* AIM OF THE EXERCISE *
Word for word, the data below must be repeated in full; no picture is to be included.
------ INPUT MATERIAL
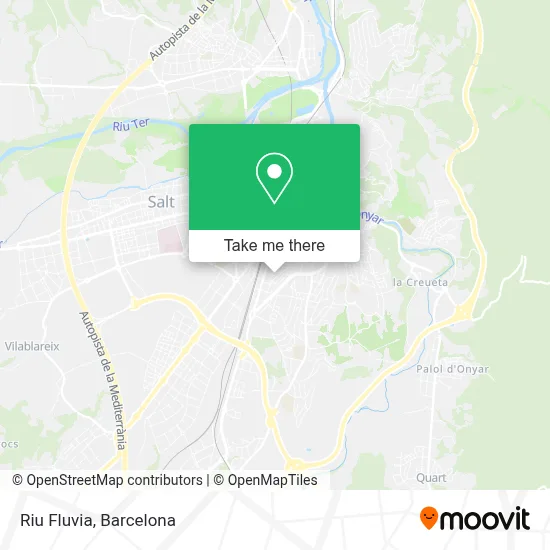 Riu Fluvia map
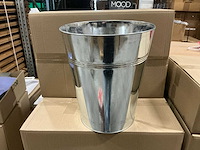Partij flower buckets paris zinc ø30xh35cm (13l) (60x) - afbeelding 1 van  5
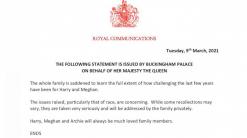 Buckingham Palace statement on Harry and Meghan interview
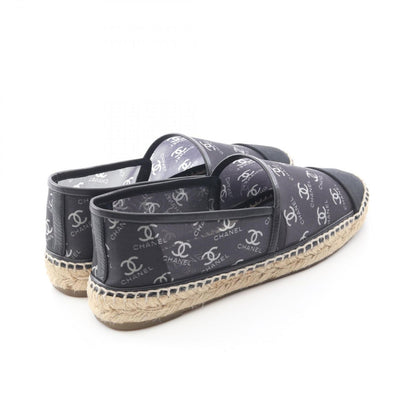 Chanel CC Logo Espadrilles Mesh Slip Ons Navy Slipper — view 2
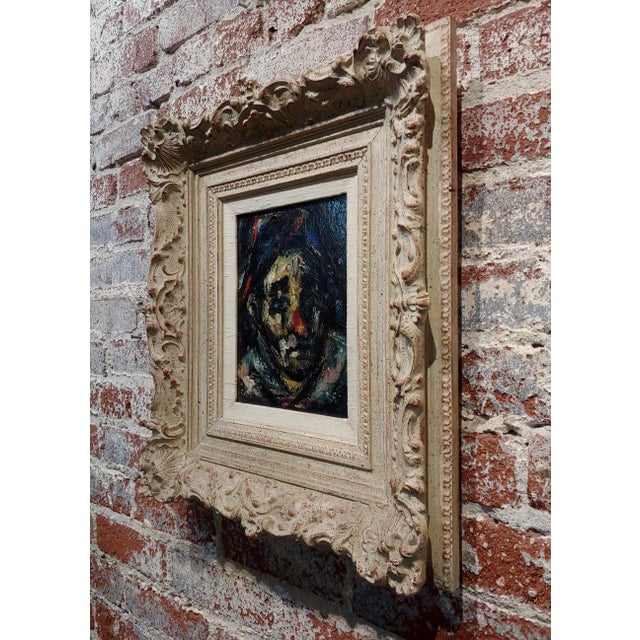 1960s Francis Kelly Portrait of Harlequin - 1960s Expressionist Oil Painting For Sale - Image 5 of 7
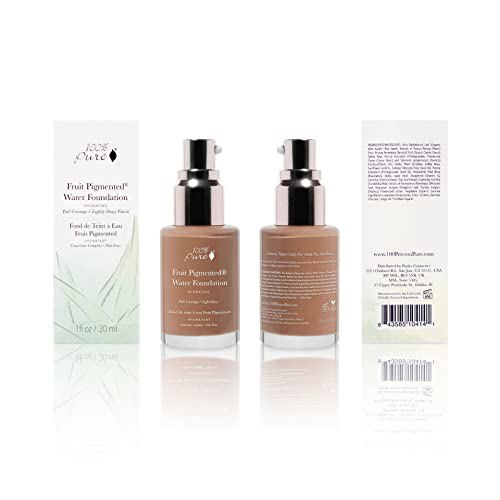100% PURE Fruit Pigmented Full Coverage Water Foundation, Neutral 4.0 8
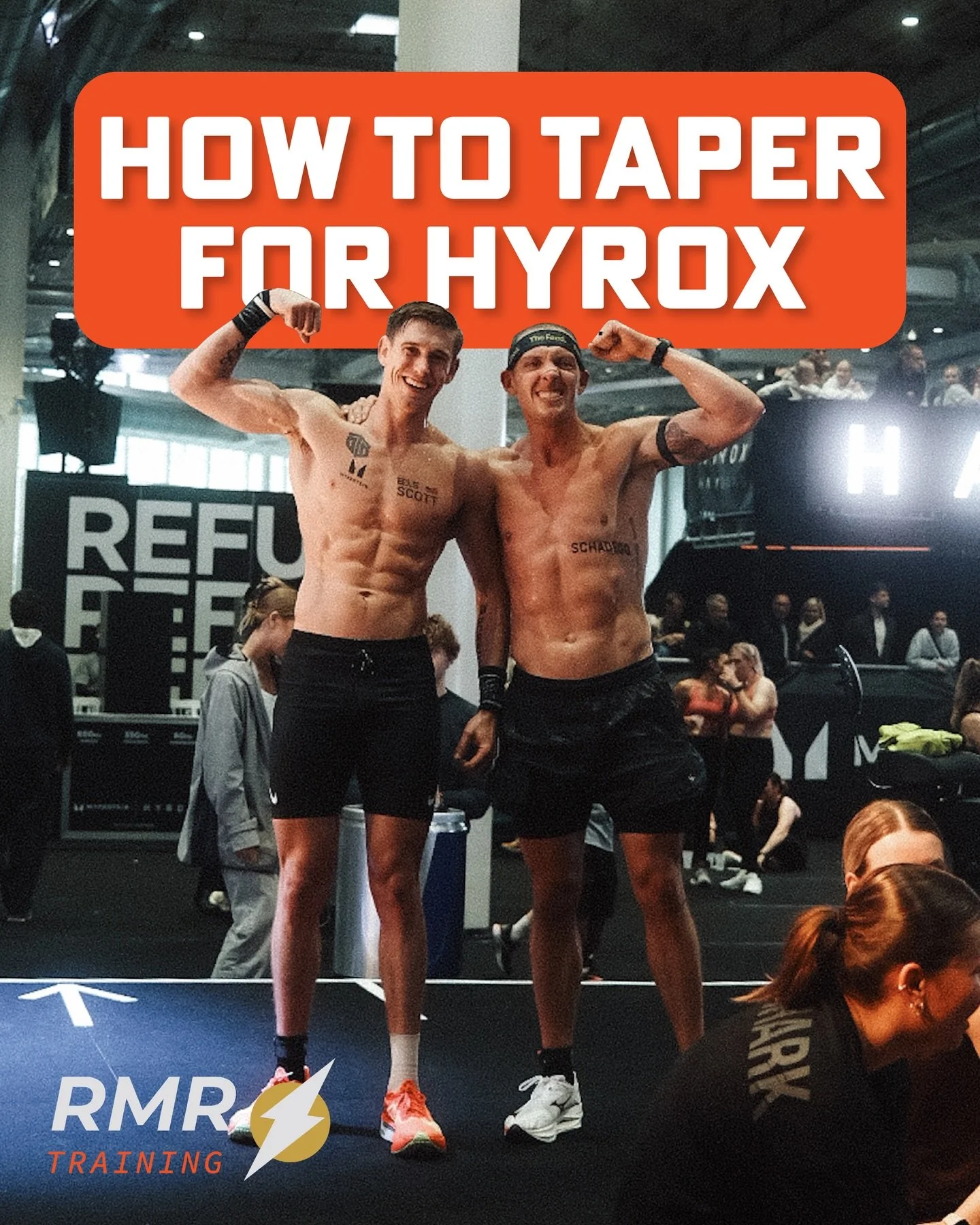Have a Hyrox race coming up and not sure how to taper? Here&rsquo;s some tips 📝

1. Do less volume. This is the easiest way to show up on race day feeling well rested and ready to go.
2. Keep your schedule consistent. This will be the best way to ma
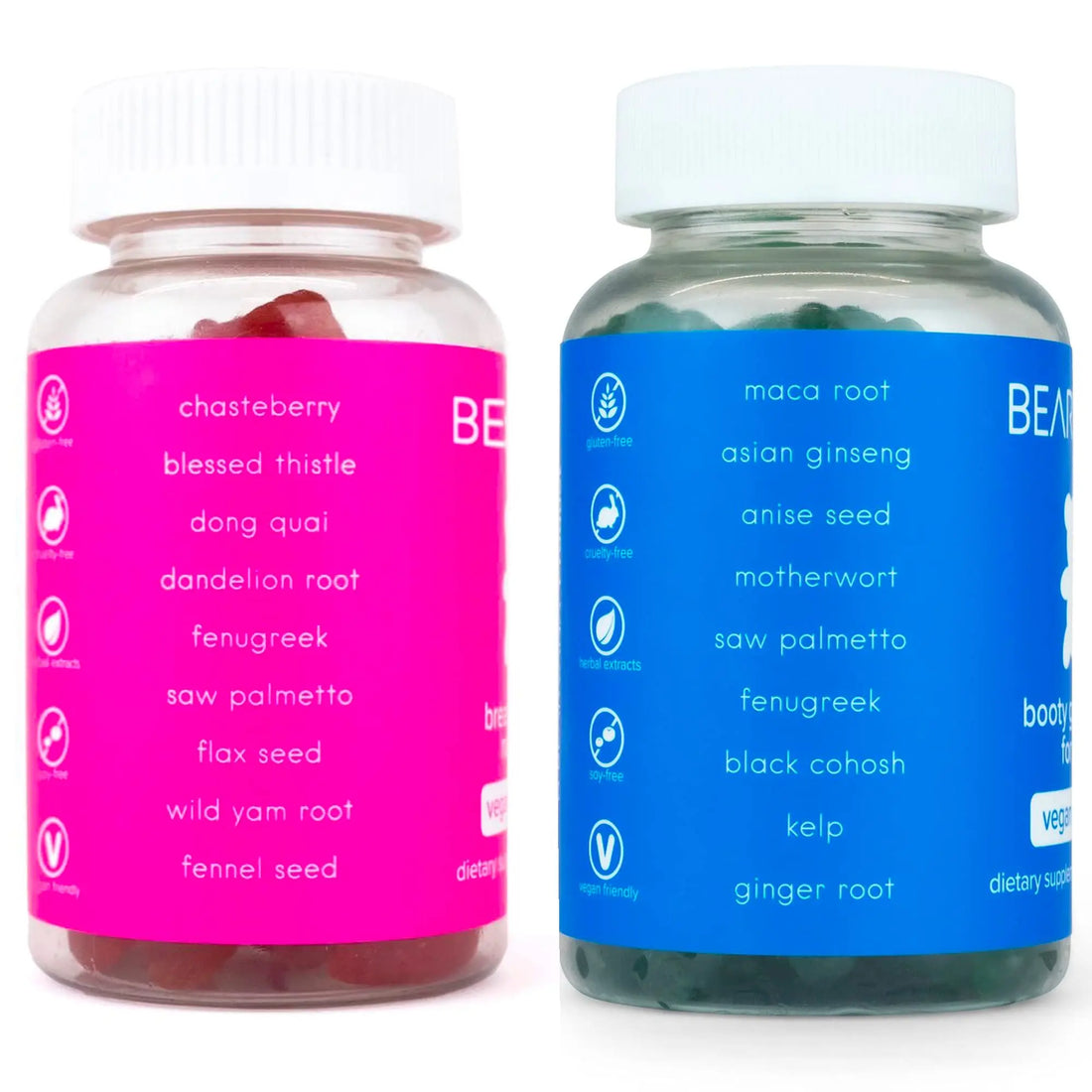 BEARVANA Gummies Combo Pack - Chest and Bum Gummies - Workout Aid - Women’s BEARVANA Au supplements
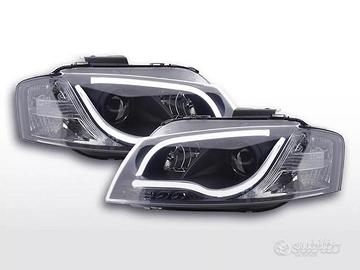 Fanali anteriori per Audi A3 8P 03 08 sfondo nero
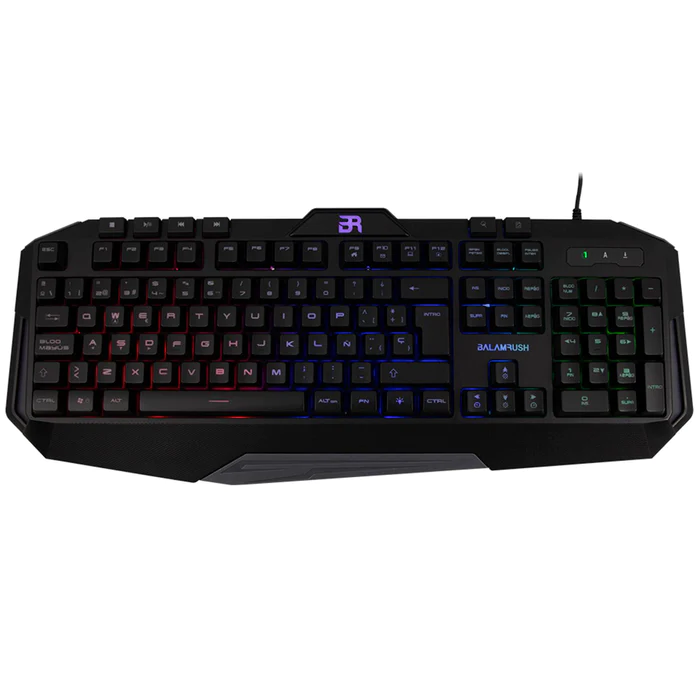Teclado gamer balam rush gunfire usb 3 colores led negr...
------------
* FINISHED EXERCISE *
 Riu Fluvia map
Partij flower buckets paris zinc ø30xh35cm (13l) (60x) - afbeelding 1 van  5
 Buckingham Palace statement on Harry and Meghan interview
 Chanel CC Logo Espadrilles Mesh Slip Ons Navy Slipper — view 2
 1960s Francis Kelly Portrait of Harlequin - 1960s Expressionist Oil Painting For Sale - Image 5 of 7
100% PURE Fruit Pigmented Full Coverage Water Foundation, Neutral 4.0 8
Have a Hyrox race coming up and not sure how to taper? Here&rsquo;s some tips 📝

1. Do less volume. This is the easiest way to show up on race day feeling well rested and ready to go.
2. Keep your schedule consistent. This will be the best way to ma
 BEARVANA Gummies Combo Pack - Chest and Bum Gummies - Workout Aid - Women’s BEARVANA Au supplements
 Fanali anteriori per Audi A3 8P 03 08 sfondo nero
Teclado gamer balam rush gunfire usb 3 colores led negr...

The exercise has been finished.